This book profiles five fascinating visionaries who exemplify outstanding leadership, a passion for their work, cutting-edge ideas, and a commitment to quality. All winners of the prestigious J. C. Nichols Prize for Visionaries in Urban Development, they include Joseph Riley, mayor of Charleston, South Carolina; Senator Daniel Patrick Moynihan; Gerald Hines; Vincent Scully Jr.; and Richard D. Baron.

Product Details

ISBN-13: 9780874202083
Publisher: Urban Land Institute
Publication date: 04/01/2012
Sold by: Barnes & Noble
Format: eBook
Pages: 121
File size: 3 MB

About the Author

Douglas R. Porter is one of the nation's leading authorities on growth management at the state, regional, and local level. He formed the nonprofit Growth Management Institute in 1992 to conduct research and education in growth management policies and practices. He lives in Chevy Chase, Maryland. Terry Lassar is a writer and a consultant. She covers real estate and land use issues nationwide and has published articles and books on urban development, planning, architecture, urban design, and land use. She lives in Newton, Massachusetts.

Read an Excerpt

The Power of Ideas

Five People Who Changed the Urban Landscape


By Terry J. Lassar, Douglas R. Porter

Urban Land Institute

Copyright © 2004 ULI-the Urban Land Institute
All rights reserved.
ISBN: 978-0-87420-930-3



CHAPTER 1

JOSEPH P. RILEY, JR.

CARING FOR CITIES

A CITY SHOULD BE A PLACE WITH SUCH BEAUTY AND ORDER THAT IT IS INSPIRATIONAL.

JOSEPH P. RILEY, JR.


Joseph P. Riley, Jr., has devoted his life to caring for cities. The city he has cared for the longest is Charleston, South Carolina, where he was elected mayor in 1975 and has served ever since. He has no formal training in architecture or urban design, but he is known as the master designer of his city and has won many of the most prestigious design awards in the country. Mayor Riley learned by walking, observing, and reading. He also learned from the many talented designers he has worked with over the years. But the best teacher, according to Riley, is the city.

Riley believes that cities are "the lasting mark of a civilization." And although Americans, until recently, have been fleeing them by the millions, he says we need our cities more than ever. What goes on in the center is what "sparks and shapes life for the entire region around it," he notes. "Cities give us memories. Every time we can keep a piece of historic texture and scale, we are giving something to future generations that they will revere, a sense of place."

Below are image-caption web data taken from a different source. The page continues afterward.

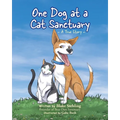 One Dog at a Cat Sanctuary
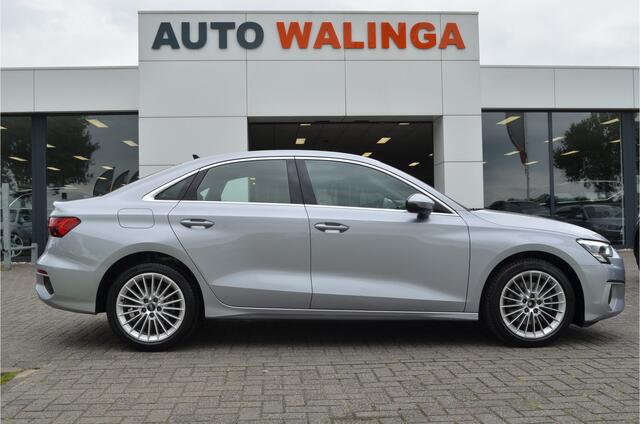 Audi A3 Limousine 35 TFSI Business edition Virtual Cockpit | Carplay | Sportstoelen | Navi | NL auto | LED koplampen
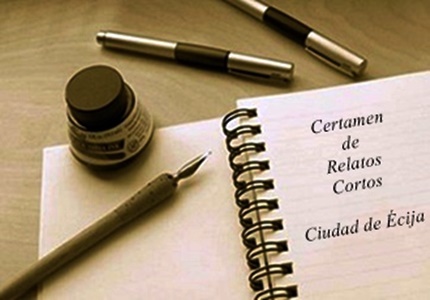 certamen de relatos cortos Ciudad de Écija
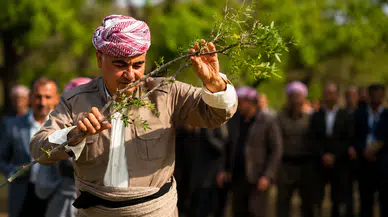 Omuz Omuza Bir Yaşam: Kürt Kültüründe Govend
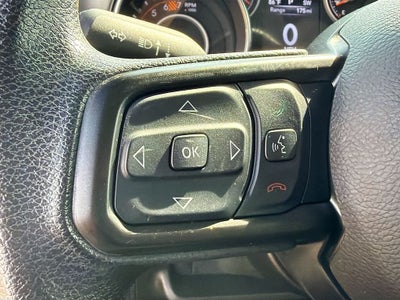 2021 Jeep Wrangler Unlimited Sport 4x4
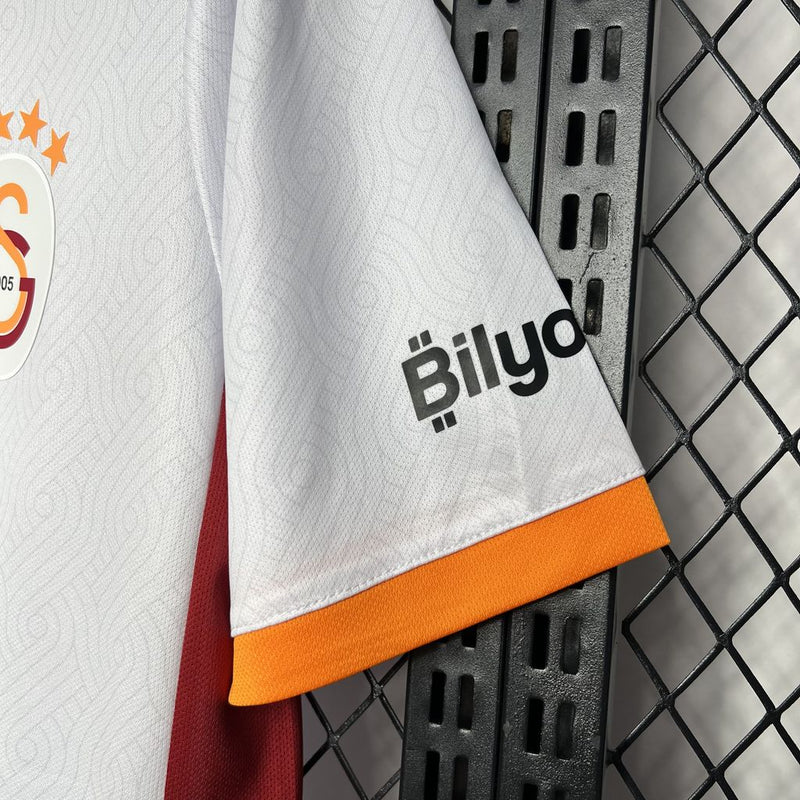 Camisa Galatasarays Away  24/25 - Puma Torcedor Masculina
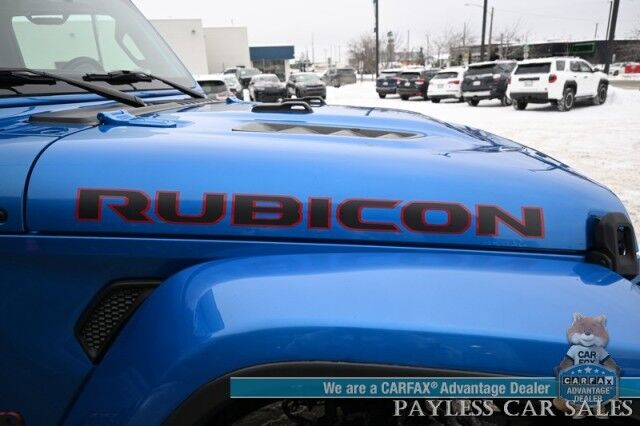 2020 Jeep Gladiator Rubicon Anchorage AK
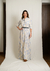 Modelagem vestido flamenca - Korean Textil - Sua Loja de Tecidos Online | Viscose Digital | Malha | Viscolycra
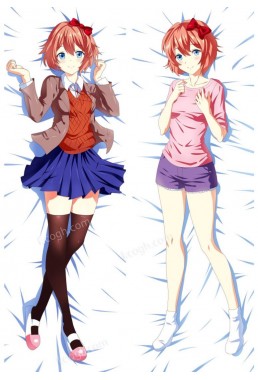 Doki Doki Literature Club Dakimakura 3d pillow japanese anime pillowcase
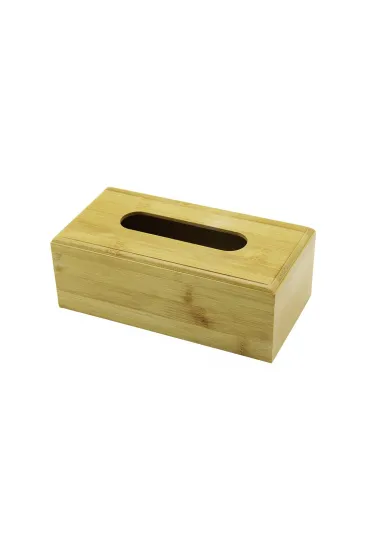 AHŞAP - BAMBU PEÇETELİK KUTU 11.6 X 22.8CM ALT KAPAKLI = KAYAR KANALLI - AÇ-KAPA (5637) AHŞAP - BAMBU PEÇETELİK KUTU 11.6 X 22.8CM ALT KAPAKLI = KAYAR KANALLI - AÇ-KAPA (5637)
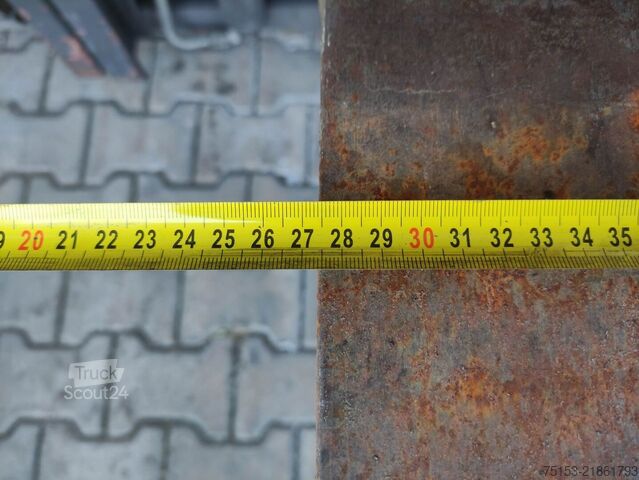 Gabelklammern Kaup 1.5T451D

Many people have seen the mayor's legendary slide show that tells the story of the revival of Charleston's central city. One of the last images shows a workman holding a blowtorch as he bevels the edges of a large bluestone paver that will form part of a sidewalk in the city's downtown. The workman is kneeling on his hands and knees, attending to a fine detail. "This," says Riley, "is the way we must care for our cities, like treasures."

GREAT CITIES HAVE THE GUTS TO GIVE THE FINEST PARTS OF THEIR CITY TO THE PUBLIC REALM. JOSEPH P. RILEY, JR.


MAKING THE TABLE BIGGER

Civil rights, to a great extent, got Joe Riley started in politics. Soon after graduating from the University of South Carolina School of Law, he was elected to the South Carolina House of Representatives in 1968, where he served for six years. A member of the "Young Turks," a group of young legislators of the progressive wing of the Democratic party, Riley had developed a reputation as a reformer, especially on civil rights and social justice issues.

In 1975, Charleston's black leaders and the city's mainly white business community asked the 32-year-old Riley to run for mayor. The city was experiencing severe racial tensions. Civic leaders wanted to avoid the strife of the previous mayoral race that had divided the city along racial lines. Based on his progressive track record in the legislature, Joe Riley, it was felt, could bridge the divide. "Had it not been for that need," says Riley, "I would never have run for mayor."

Joe Riley offered a new image of moving the city forward. He ran on a platform of downtown revitalization, reducing crime, increasing low-income housing, and improving public transit. This Charleston native, who had grown up in the staid "South of Broad" neighborhood — the wealthiest section of town — would bring about three decades of sweeping reforms that would forever change his city.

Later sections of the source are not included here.